Don't go getting excited though.  A couple of the choristers were students (and wanted to know alllll about their graduation, *sigh*) and one of them wanted to know if she could do some work at ceremonies, so gave me her contact details.  *headdesk*

catchmyfancy: (unstable)
Otherwise known as "Alexandra turns into a small child with the attention span of a gnat and the emotional stability of a psychotic wildebeest who knows he can take those lion beeyatches DOWN.  Oh roll on the 23rd of December when she shall be restored to her humanity as per the more amusing transformation fanfics" time.

Or, rather, I start living moment to moment. To moment.  To moment and to moment.  And if you type that word five times it loses all meaning.  Heh. 

Eg, today. 

- Woke up at 8.10am, which is pout-making for a Sunday.  So I pouted. 
- had to put three loads of clothes on line.  In the process had to survey the ever-growing and slightly scary MEGAPILE of clean clothes to be put away.  More pouting.  Also, sighing. 
- after finally extracting the necessary items of clothing from the MEGAPILE to appear decent in public and remembering stuff for singing lesson, no time for breakky.  Pouting.

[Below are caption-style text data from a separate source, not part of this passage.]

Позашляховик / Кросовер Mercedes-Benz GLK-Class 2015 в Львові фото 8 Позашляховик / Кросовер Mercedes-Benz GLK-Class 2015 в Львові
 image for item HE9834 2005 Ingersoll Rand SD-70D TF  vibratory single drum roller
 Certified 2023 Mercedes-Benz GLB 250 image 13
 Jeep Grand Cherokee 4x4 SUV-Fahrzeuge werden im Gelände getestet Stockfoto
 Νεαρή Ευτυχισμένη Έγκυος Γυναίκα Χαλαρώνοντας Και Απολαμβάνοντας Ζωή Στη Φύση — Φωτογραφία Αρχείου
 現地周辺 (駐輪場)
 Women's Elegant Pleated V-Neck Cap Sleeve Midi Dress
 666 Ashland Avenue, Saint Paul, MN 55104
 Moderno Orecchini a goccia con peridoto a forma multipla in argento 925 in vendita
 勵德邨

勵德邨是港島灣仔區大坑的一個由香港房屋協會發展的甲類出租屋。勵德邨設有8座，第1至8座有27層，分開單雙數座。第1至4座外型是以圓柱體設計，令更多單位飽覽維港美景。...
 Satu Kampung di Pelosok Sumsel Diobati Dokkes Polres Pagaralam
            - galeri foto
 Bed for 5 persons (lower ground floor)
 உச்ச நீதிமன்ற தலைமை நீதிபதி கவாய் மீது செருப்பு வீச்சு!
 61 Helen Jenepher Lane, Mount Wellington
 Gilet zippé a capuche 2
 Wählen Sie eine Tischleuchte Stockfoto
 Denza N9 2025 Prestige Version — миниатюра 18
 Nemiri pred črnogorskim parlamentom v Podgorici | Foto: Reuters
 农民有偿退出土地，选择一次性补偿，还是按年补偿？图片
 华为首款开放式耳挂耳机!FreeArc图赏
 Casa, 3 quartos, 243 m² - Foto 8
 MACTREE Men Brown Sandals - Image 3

And sighing and bitching.  As I live by myself, this was all completely wasted bitchage too.
- had shower, raced out of house and off to Ingrid's.   (Yes I remembered to put on clothes).  Car low on fuel.  Crap.  BUT THEN I get to drive fast on the freeway and sing along loudly to Young Person's Music on my iShuffle.   You should hear me do Justin Timberlake singing Cry me a river.
-
Miss Ingrid!  Hurrah!  Miss Ingrid let me have two muesli bars!  More Hurrah!  And also we picked much green leafy things from her vegie garden for me to take away and eat.  Extra Hurrah!
- Off to Lisa's Lacies.  Nothing decent in my size.  Bah.  BUT THEN a reduced-price bra!  And Kindi and Ingrid both managed to find FOUR EACH <loud cheers!> (only well-endowed females will truly know the feeling of jubilation in our hearts at that monent, for it seems that nature cursed rather than blessed us by giving us a feature requiring expensive cantilevering and if you can find something decent for under $60 you are doing excessively well)
- BUT THEN looked at mobile and saw plaintive SMS and realised I was supposed to meet Melinda yesterday after a concert and clean forgot oh crappity crap crap crap I am an evil, EVULL friend and should die
- bundled off to a factory outlet place by Ingrid and Kindi and found Leather Bag of Surpassing Loveliness and Utility for Everday at half-price.  Extreme happiness.  But I am an EVULL FRIEND and Melinda will surely hate me for just forgetting her.  *sob* *schniff* (That whirring sound you hear is Ingrid's and Kindi's eyes rolling).
- off to singing lesson.  Singing lesson went very well - Butterfly and Pace Pace sitting very nicely indeed.  Endorphins released all over the shop and I get to skip out to my car.
- Drive in to city.  Sun shining!  Cool wind whipping about!  More singing along to my iShuffle!  This time, many people along St Kilda Road got to hear snippets of me doing Gabriella Cilmi , John Barrowman, Green Day and bits from Wicked
- BUT THEN here I am in at work.  BLEH.

BUT THEN: found this on Youtube: She-Ra and Evil-Lyn do "Loathing" from Wicked!  Bwahahahahaha!

(oh all right - here's the original.  Sort of. Not nearly as fabulous.)

And it's only been six hours since I got our of bed.  I don't know if my adrenal glads are up for another five weeks of this.